The Stars Conspire Against Me
2006-06-08, 3:49 p.m.
Note: this entry will deal entirely with astrological predictions. If this isn't your bag, baby, feel free to skip this entry. It's probably going to be quite ridiculous anyway, as all of my predicting-the-future entries inevitably are. But hey, there's nothing quite like the adrenaline rush that comes from jumping the gun!
Does being a "chaos magnet" show up in your astrological chart?
One of the CC teachers, Geri, does astrology. She's an awesome person. I knew she did astrology, but I didn't know before that she was willing to take looks at people's charts. (Going off of the computer at the CC, I'm like the fifth person she's done this for lately.) Anyway, we were chatting in the sewing room on Saturday about whether or not this could be proven, and she said, "Well, if you print me out a chart, I'll look at it."
So I ran to astro.com and printed out the natal, and it was determined that yes, there ARE aspects that do this. My first house being Scorpio and having Uranus in Scorpio apparently means that a lot of unexpected events happen to me and they're all personal. And Pluto in Libra I guess is a "crazy magnet" aspect to boot.

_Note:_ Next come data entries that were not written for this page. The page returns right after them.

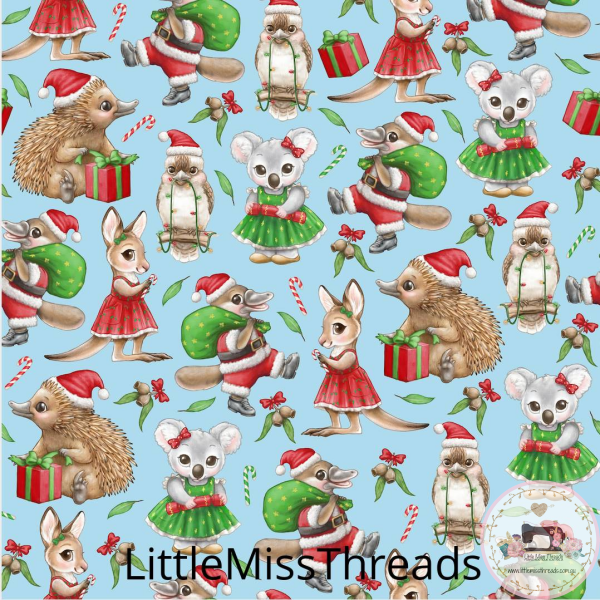 PRE ORDER - Christmas in Aus Blue - Fabric - Fabric from [store] by Little Miss Threads - 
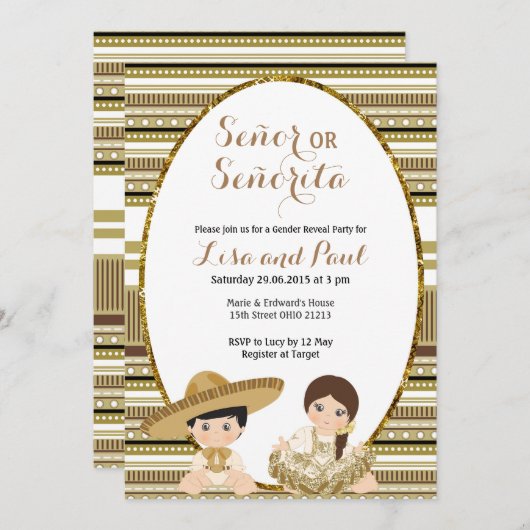 Goldfiesta Señor oder Señorita Gender Reveal Einladung (Vorne/Hinten)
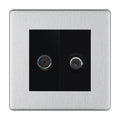 BG Flatplate Screwless Brushed Steel TV & Satellite Socket FBS65B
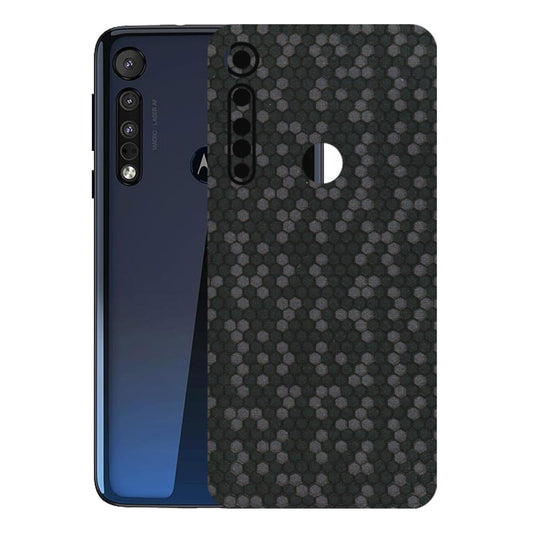 Motorola Phone Skins (All Models) - Black Grey Honeycomb Sober - 3D Embossed Finish (L-85) Motorola Moto One Macro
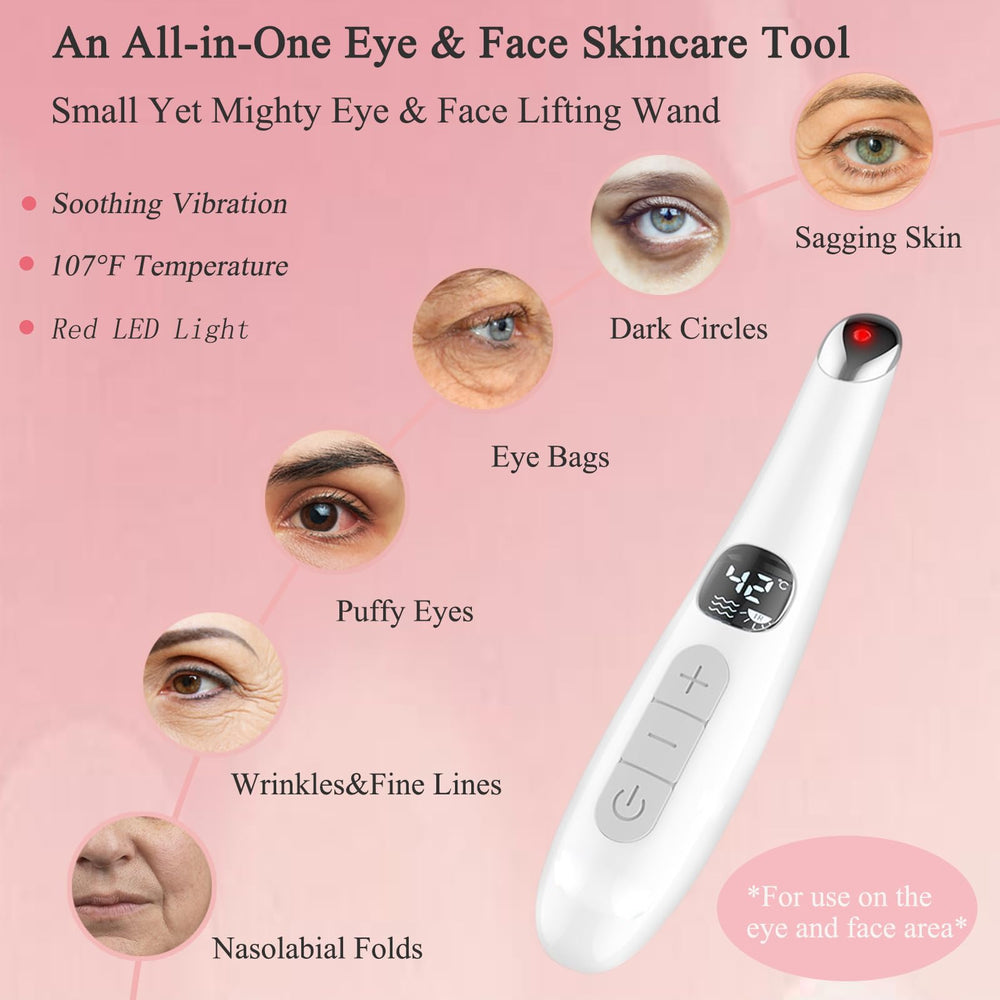 Vowleike Eye Lift Wand vibrating massage promotes circulation and puffiness reduction.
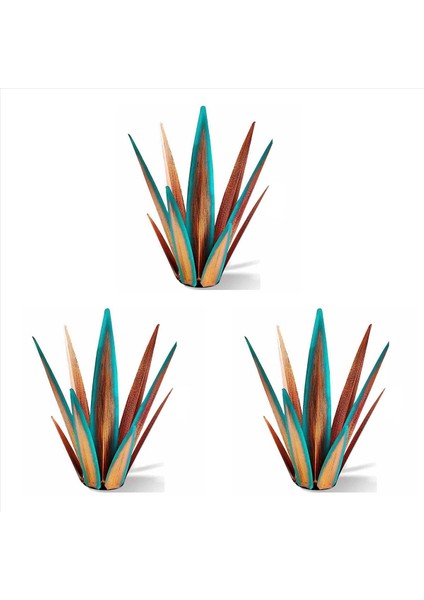 3x Büyük Tekila Rustik Heykel Açık Veranda Avlusu Için Rustik Metal Agave Bitkileri Ev Dekoru El Boyalı 55CM (Yurt Dışından)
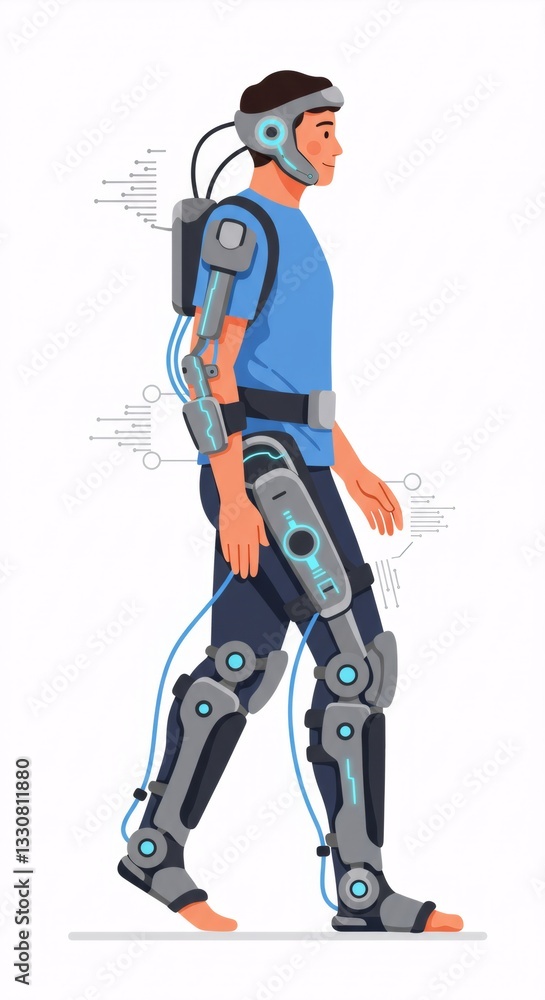 Man wearing robotic exoskeleton suit for medical rehabilitation. Futuristic technology aiding mobility and muscle function recovery. Assistive device for paralysis treatment. Man wearing robotic exoskeleton suit for medical rehabilitation. Futuristic technology aiding mobility and muscle function recovery. Assistive device for paralysis treatment.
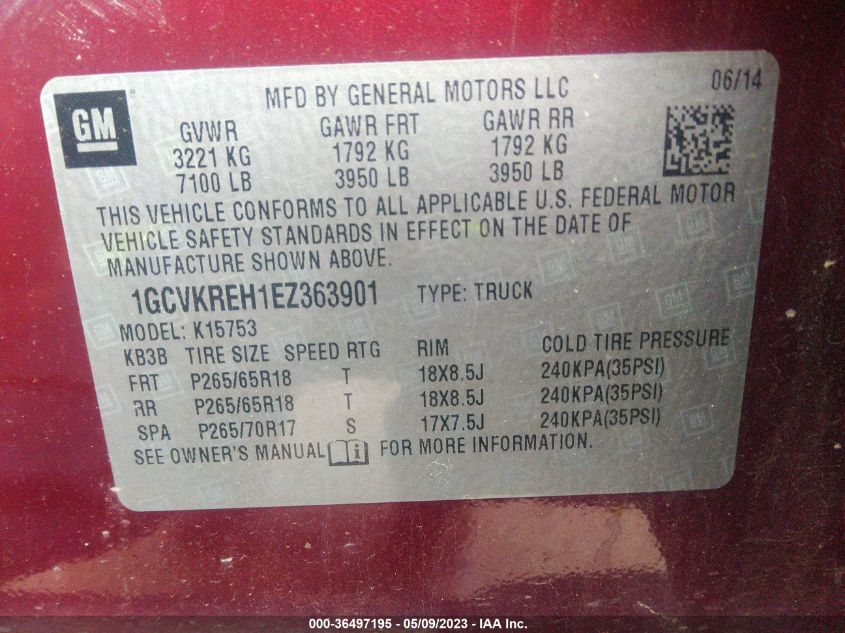 2014 CHEVROLET SILVERADO 1500 LT - 1GCVKREH1EZ363901
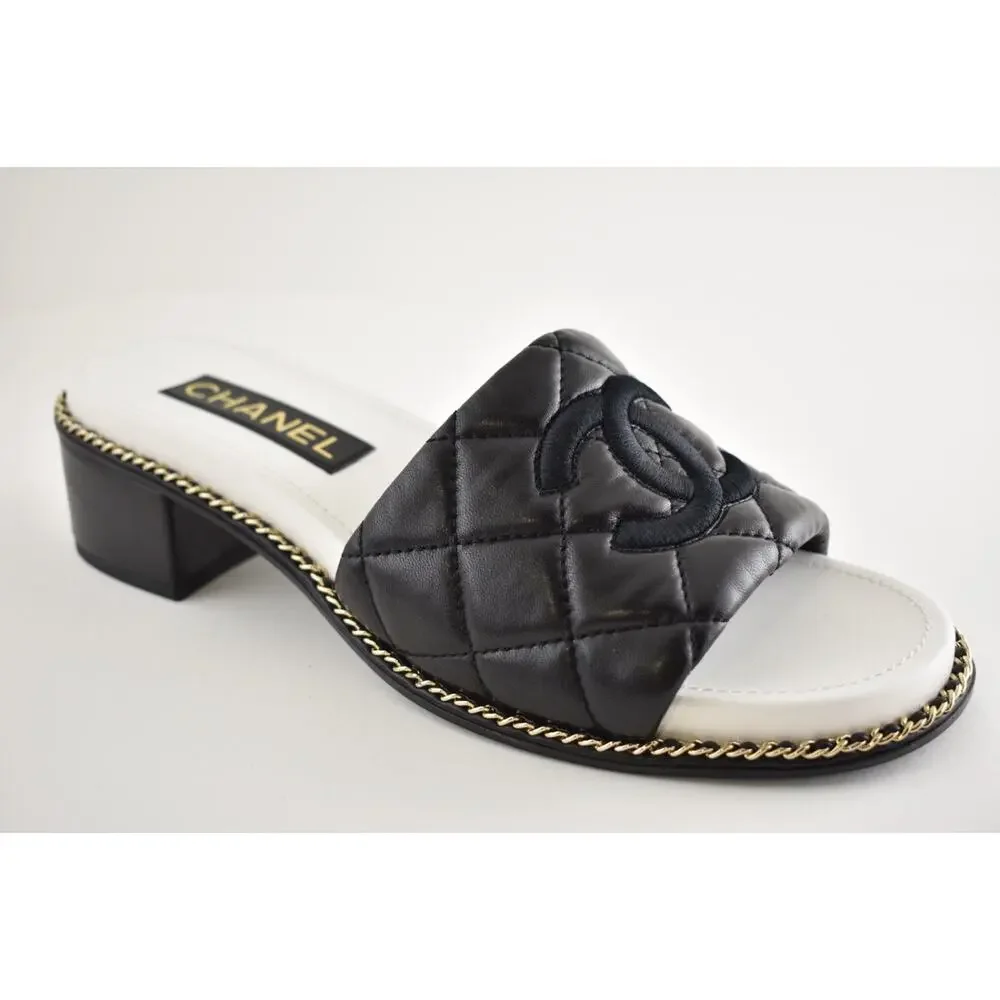 Chanel 25P Black Quilted Leather Chain CC Logo Mule Slide Sandal Block Heel 40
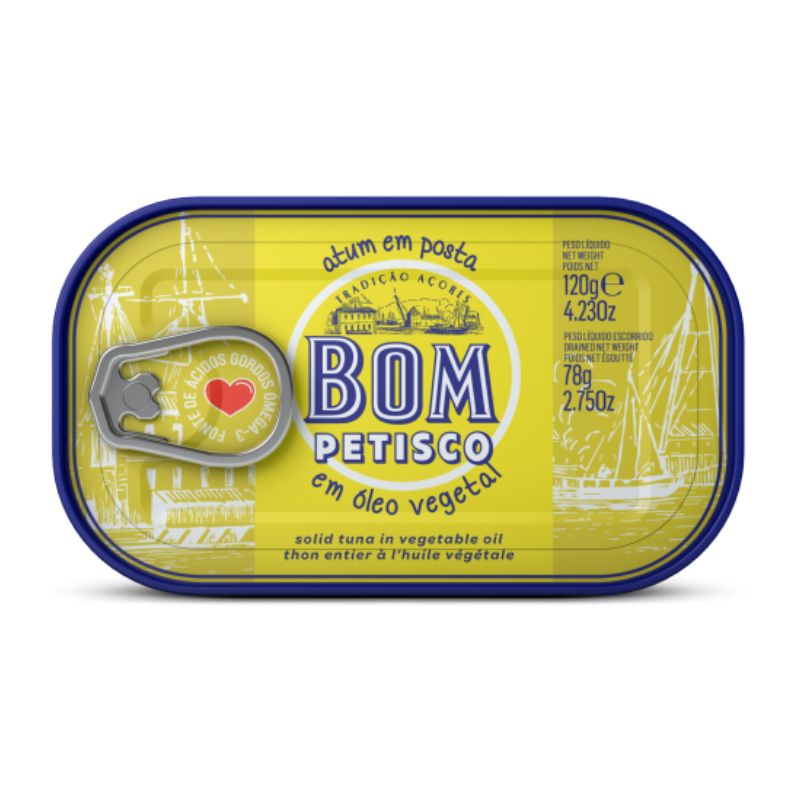 Bom Petisco Tuna In Vegetable Oil Tin 120g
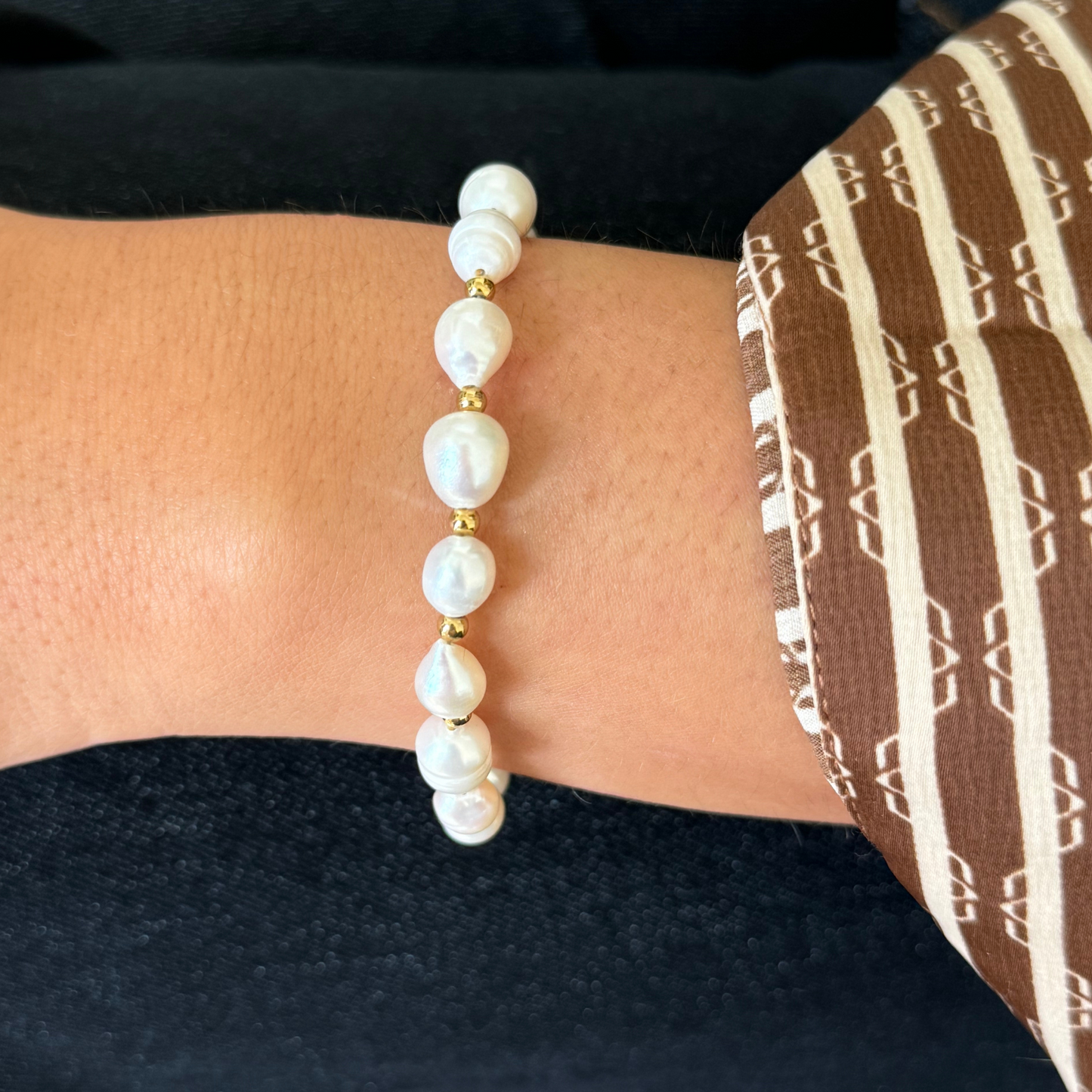 Gold Bead and Pearl Clasp Bracelet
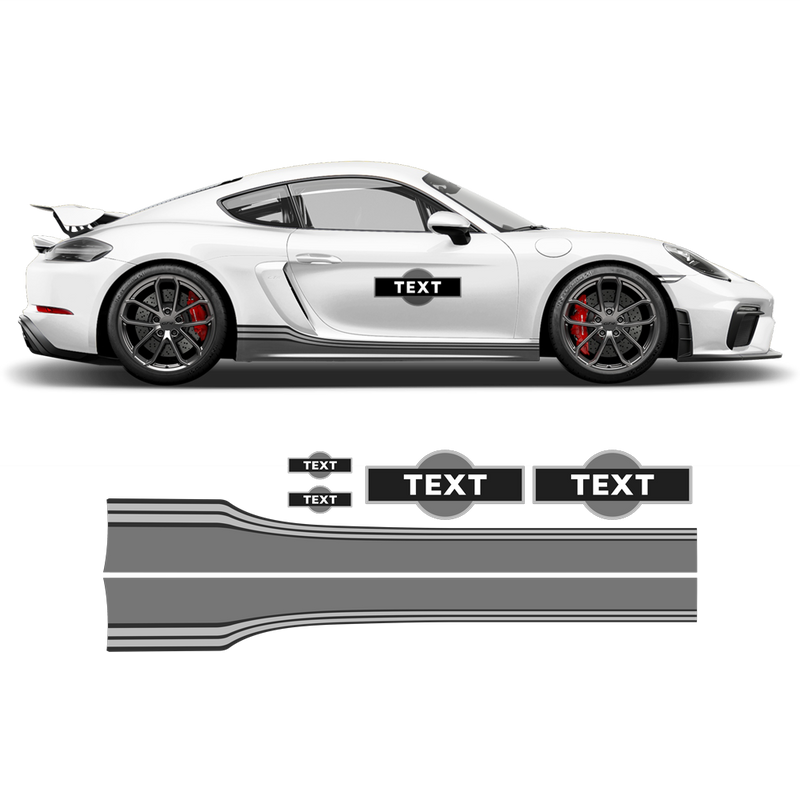 Martini Style Racing stripes set, for Cayman / Boxster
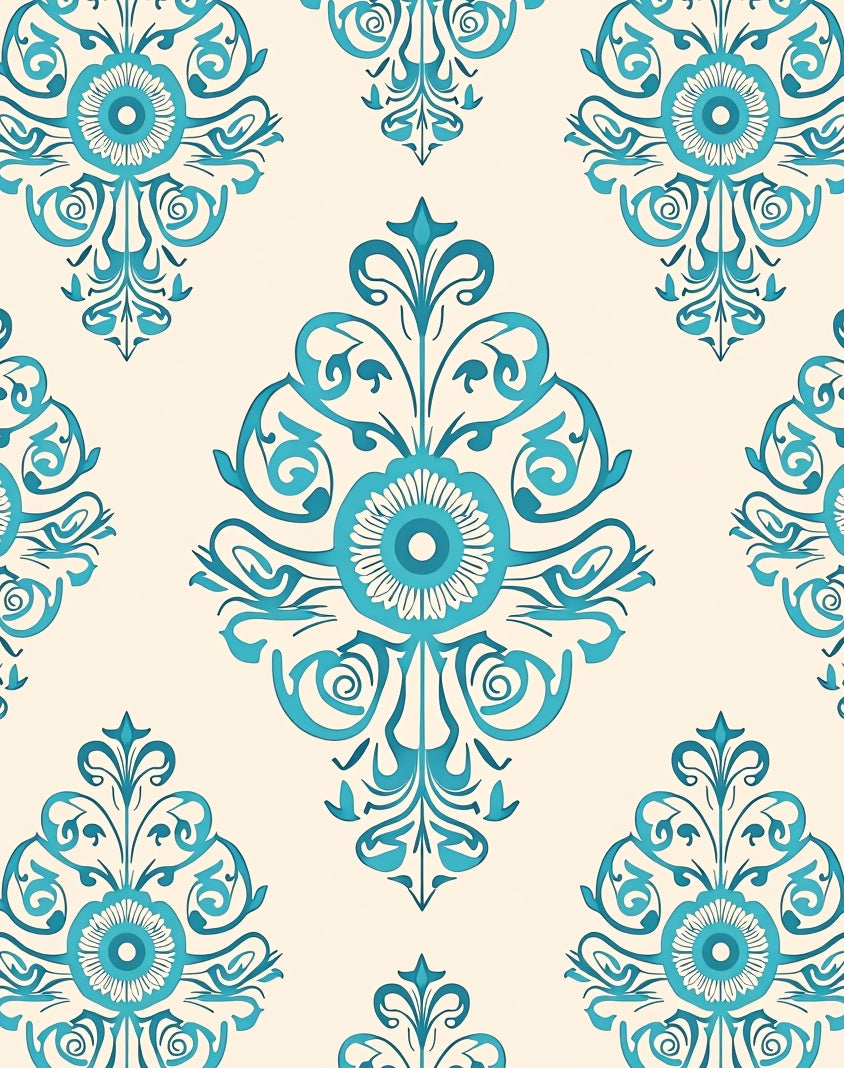 Teal Floral Scroll Pattern Rug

It went on from there, with me asking her about Saturn Return, and she said that when Saturn returns to its natal placement, some kind of shit is likely to go down with Dad.
So later on at home, I looked this up. And found that Saturn hits the natal in late October through November 1- Dad's birthday. You know how people say that people tend to die around their birthdays? And that that time is probably around the outside for how long someone can survive on a ventilator?
Yeah, I kinda think The Big D is going to happen around then if it's happening earlier than 2007. I guess it'd be symmetrical, really. Maybe I don't have to worry about skipping a vacation this summer if it's not likely to happen then. On the other hand, I guess I won't knock myself out planning a spectacular Halloween costume or plan on going to any Halloween events.
(Yes, I am evil and shallow to be trying to figure out when Dad dies so I can plan a vacation. Just wait, I get more evil and shallow as this entry goes on.)
Other astrological aspects going on: moon and Neptune in the fourth house (i.e. family is dissolving- no surprise there), Pluto in the second house, Uranus in the fifth house. Uranus in the fifth house of romance. Uh, remember this for later.
And then, the OHOLYSHIT bit: five freaking planets in my first house, in Scorpio. Sun, Mercury, Venus, Mars, and Jupiter. Conjunctions ahoy there, particularly Mercury/Jupiter and Venus/Mars and Sun/Venus and Sun/Mars.
This, folks, is a stellium, otherwise known as "Uh, how often does THIS show up in your chart? Not very."
Naturally, given the Saturn-hell and the family-hell aspects, I figured that five planets showing up in the same place at the time time around now must equate to something very, very bad. And thus, I frantically looked around the internets and in my books for assistance. This was pretty frustrating.
Happily for me, Geri was around for a meeting during my shift on Tuesday night and I told her what I'd found. And she was all, "Ohmygod, let me see this," and I printed it out. Her original verdict was "This isn't bad. These are all good planets. It's probably something good happening at the same time as the stuff with your dad." I was all, "So um, I have a good day until he dies?" Yeah, that's kinda funny...in that "God's laughing at you" kind of perverse funny. She said she'd go check her books and look up more information for me.
Which she got back to me about yesterday at the party. And...oh lordy lordy.
New verdict: "You're going to get a surprise gift. You're probably going to fall in love...it'll be a complete surprise, you won't be able to predict where this is coming from. But it's not going to last."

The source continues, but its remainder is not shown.